Si l’on accorde à la photographie la capacité de témoigner, la seule image prise en elle-même semble insuffisante. En cheminant à travers les planches-contacts du photographe disparu, Otero invite à porter le regard au-delà du cadre des images : dans les blancs et les absences, comme si la guerre elle-même se dérobait au photographe.
Pour être comprises, les photographies doivent être séquencées, réarrangées, agrandies, annotées ; alors, elles peuvent rendre compte de la complexité des événements qu’elles figent. « L’instantané de vérité » ne prend un sens que dans un travail de rapprochements et de rapports ; un seul regard, une seule photographie, ne suffisent jamais.
Avec Il n’y aura plus de nuit, Éléonore Weber plonge dans une matière brute : les images embarquées des hélicoptères militaires, ces mêmes images qui servent à surveiller, traquer, puis éliminer des cibles humaines. Ces séquences, filmées par des caméras thermiques, transforment les cibles humaines en silhouettes fantomatiques, quasi abstraites. Weber questionne l’éthique de ce regard technologique, conçu pour tuer – et documenter.
Le dispositif du film, qui juxtapose à ces images une calme voix off, expose la déshumanisation qu’entraîne cette distanciation de l’écran. Le paradoxe est là : ce sont justement ces images qui permettent d’illustrer la froideur mécanique de la guerre moderne, où l’acte de tuer est dissocié de toute proximité physique ou émotionnelle. La caméra devient ici une arme double : elle capture et efface simultanément la violence.
Dans Valse avec Bachir, Ari Folman choisit une autre voie, en mêlant animation et documentaire. Le film plonge dans les souvenirs fragmentés d’un soldat israélien ayant participé à l’invasion du Liban en 1982 et, indirectement, au massacre de Sabra et Chatila.
Là où Otero et Weber travaillent sur des images factuelles ou journalistiques, Folman opte pour l’animation, qui lui ouvre un espace introspectif et onirique. Elle lui permet de représenter ce qui échappe à la mémoire fuyante : les cauchemars, les traumatismes, les zones d’amnésie.

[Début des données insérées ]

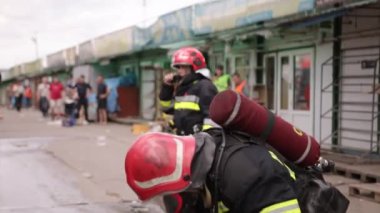 Group of firefighters preparing for a drill, firefighter in protective gear with a helmet on his head checking his equipment, a fire truck in the background is also visible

La guerre ne peut ici être remémorée que dans un kaléidoscope halluciné.
Pourtant, à la fin du film, Folman rompt le sort : en introduisant des images d’archives documentant les massacres, il confronte le spectateur à une horreur brutale, bien réelle.
À l’opposé, Babi Yar. Contexte de Sergueï Loznitsa se construit uniquement à partir d’archives historiques, provenant des actualités allemandes et des images soviétiques.
En reconstituant les événements autour du massacre de Babi Yar, où 33 771 Juifs furent assassinés par les nazis à Kiev en 1941, le cinéaste tourne le dos à l’image du massacre elle-même. En lieu et place, des éléments épars qui le précèdent et le suivent : les cortèges militaires, les discours officiels, puis les témoignages au tribunal et les foules, pas toujours muettes.
Puisque ces images d’archives portent la propagande de leur camp, Loznitsa monte, structure, contextualise, révèle les écarts entre ce que l’image dit et ce qu’elle tait. Et là où Folman reconstruit ce qui manque, Loznitsa travaille avec l’absence même, en quête de ce que les archives ne peuvent pas – ou ne veulent pas – montrer. Si le centre du puzzle est perdu pour de bon, ses contours réagencés permettent de penser, sinon de voir, l’événement.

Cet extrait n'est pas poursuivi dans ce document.